Lebanon: Too late for the IMF bailout?

Summary: An IMF bailout may not be enough to save Lebanon from a catastrophic economic collapse.

Last week in Lebanon protesters returned to the streets in numbers not seen for many weeks. In the northern city of Tripoli one protester was killed and dozens more including police and security forces injured. In both Beirut and Tripoli banks were attacked and set ablaze and ATM machines destroyed.

Protesters and security forces clash in Beirut on May 1 [photocredit: @Rabih_Yas]
While the government and the Central Bank of Lebanon (BdL) traded barbs about who was responsible for the economic mess the country is in, the streets burned with a visceral anger at the failure of institutions and the elite to respond in any effective manner to a crash that Covid-19 has served to accelerate. Ordinary Lebanese are angry that while the government instituted a night time curfew in late March and sought to enforce a lockdown, it did nothing to help them. While the cost of food has soared, the value of the Lebanese pound has collapsed. The currency, long pegged at 1500 to the US dollar, now sits at 4500 on the black market. Exacerbating the situation, the withdrawal of US dollars from the banks is prohibited.

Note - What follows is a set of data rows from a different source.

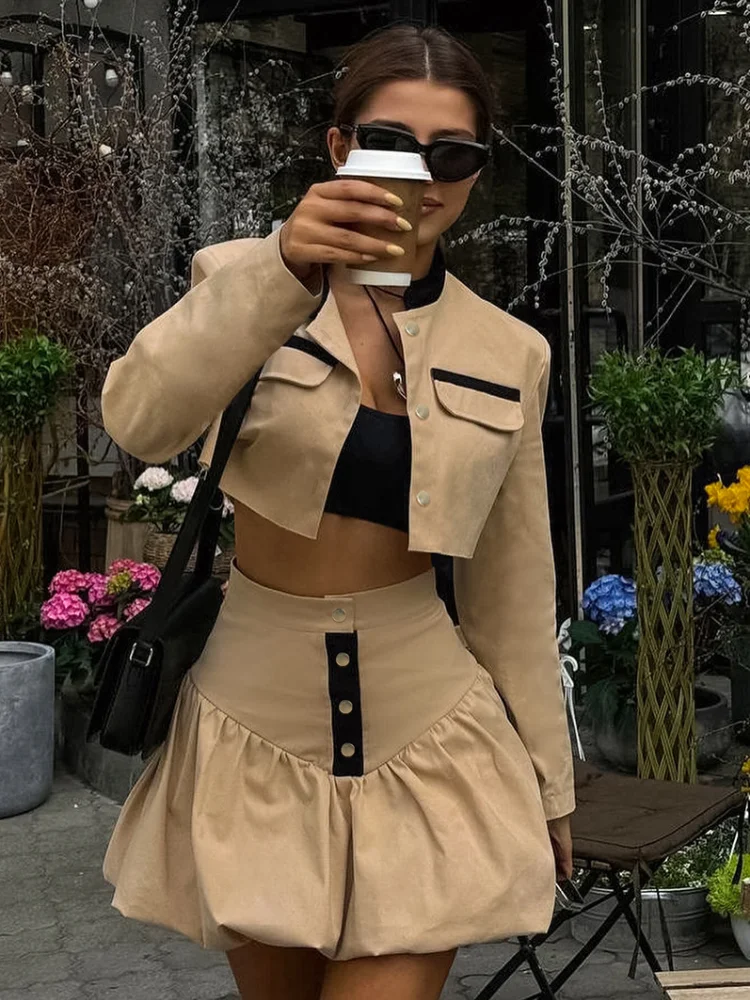 

Khaki Street Suits Autumn Sexy Spice Girl Long-Sleeved Patchwork Short Trench Coat+High Waist Bud Skirts Sexy 2-Piece Set Women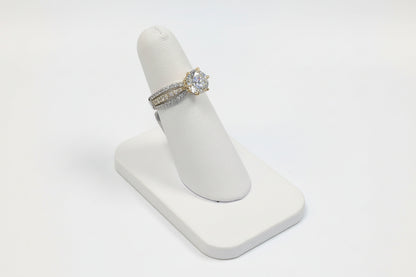 14K Yellow / White Gold bow-tie band Ladies Round LAB Ring (Center Round DIAMOND 2.00CTR) Total 2.75CTW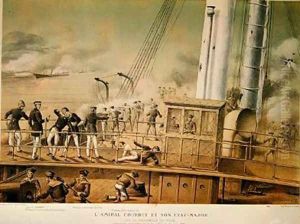 Admiral Amedee Anatole Courbet 1827-85 and his Officers on Board the Volta by Charles Leduc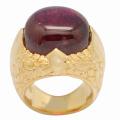 De Buman 18k Yellow Gold over Sterling Silver Tourmaline Ring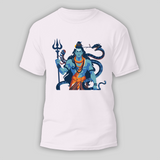 Mahadev - The Destroyer and Protector - Customized T-shirt For Adult - WHITE - S (Chest 19")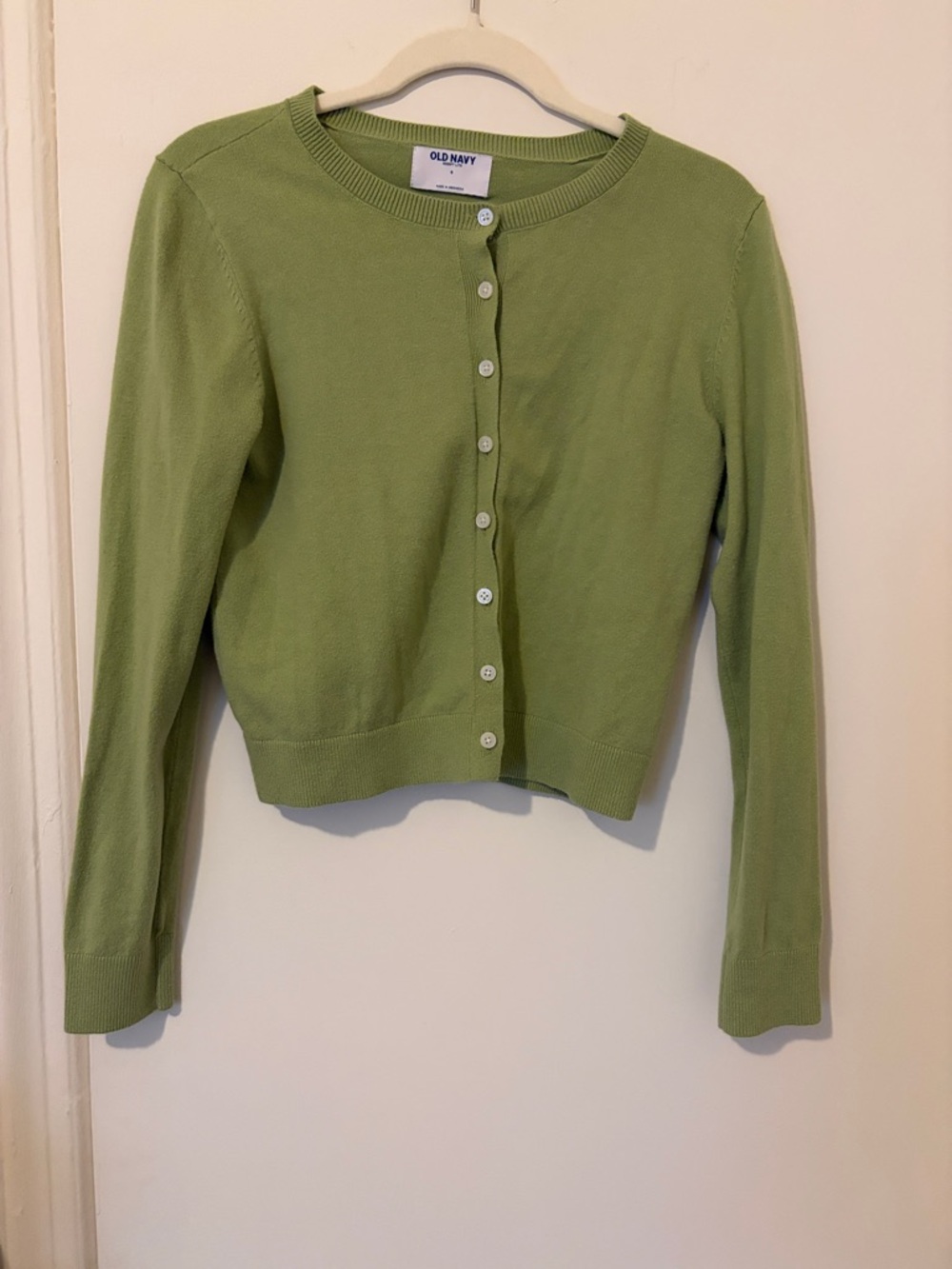 Old Navy Pistachio/Lime Green Button-Up Cropped Cardigan Size Small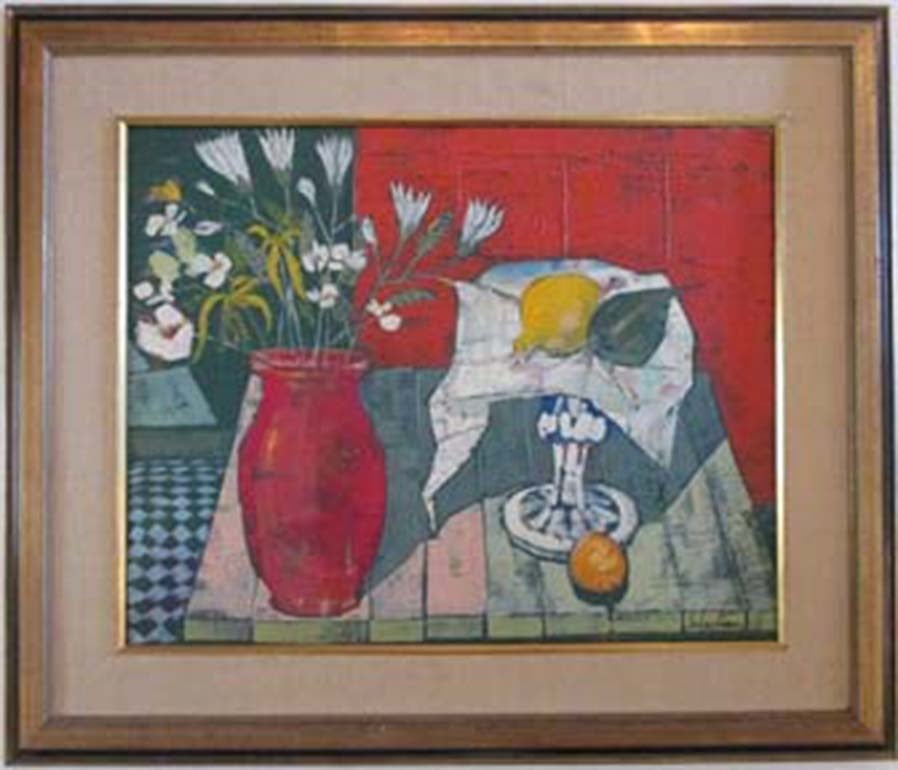 Still Life with Red Vase - Painting by Gerard Sebastian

On 1 April the government had announced a plan to distribute LBP 400,000 (US$265) to approximately 200,000 needy families.  But by the time the money actually reached them at the end of April the pound had already lost 30% of its value.  And in any event the number of those at risk of food insecurity was much higher. Asking its citizens to respect the lockdown while failing to assist them with their basic need to secure food underscores the profound disconnect between the elites and the people, a disconnect that had brought protests to the streets in October last year that were only finally stilled by the coronavirus clampdown in mid-March.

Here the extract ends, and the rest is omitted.